_Work instruction_
Write each line again exactly as it is, from the opening line of the records below through the one containing "3 ab workouts", and add nothing.

_Records shown_
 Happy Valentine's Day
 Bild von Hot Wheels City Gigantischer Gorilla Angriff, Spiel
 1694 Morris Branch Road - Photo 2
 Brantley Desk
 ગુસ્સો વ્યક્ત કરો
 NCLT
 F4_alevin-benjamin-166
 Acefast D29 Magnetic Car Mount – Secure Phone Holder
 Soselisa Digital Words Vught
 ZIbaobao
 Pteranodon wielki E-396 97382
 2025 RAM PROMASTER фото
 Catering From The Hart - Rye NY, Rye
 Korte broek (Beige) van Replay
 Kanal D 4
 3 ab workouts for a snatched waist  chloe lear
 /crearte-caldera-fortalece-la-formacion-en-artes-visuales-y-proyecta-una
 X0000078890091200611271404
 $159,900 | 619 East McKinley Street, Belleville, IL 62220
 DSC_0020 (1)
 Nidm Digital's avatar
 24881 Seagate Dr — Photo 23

_Exercise response_
 Happy Valentine's Day
 Bild von Hot Wheels City Gigantischer Gorilla Angriff, Spiel
 1694 Morris Branch Road - Photo 2
 Brantley Desk
 ગુસ્સો વ્યક્ત કરો
 NCLT
 F4_alevin-benjamin-166
 Acefast D29 Magnetic Car Mount – Secure Phone Holder
 Soselisa Digital Words Vught
 ZIbaobao
 Pteranodon wielki E-396 97382
 2025 RAM PROMASTER фото
 Catering From The Hart - Rye NY, Rye
 Korte broek (Beige) van Replay
 Kanal D 4
 3 ab workouts for a snatched waist  chloe lear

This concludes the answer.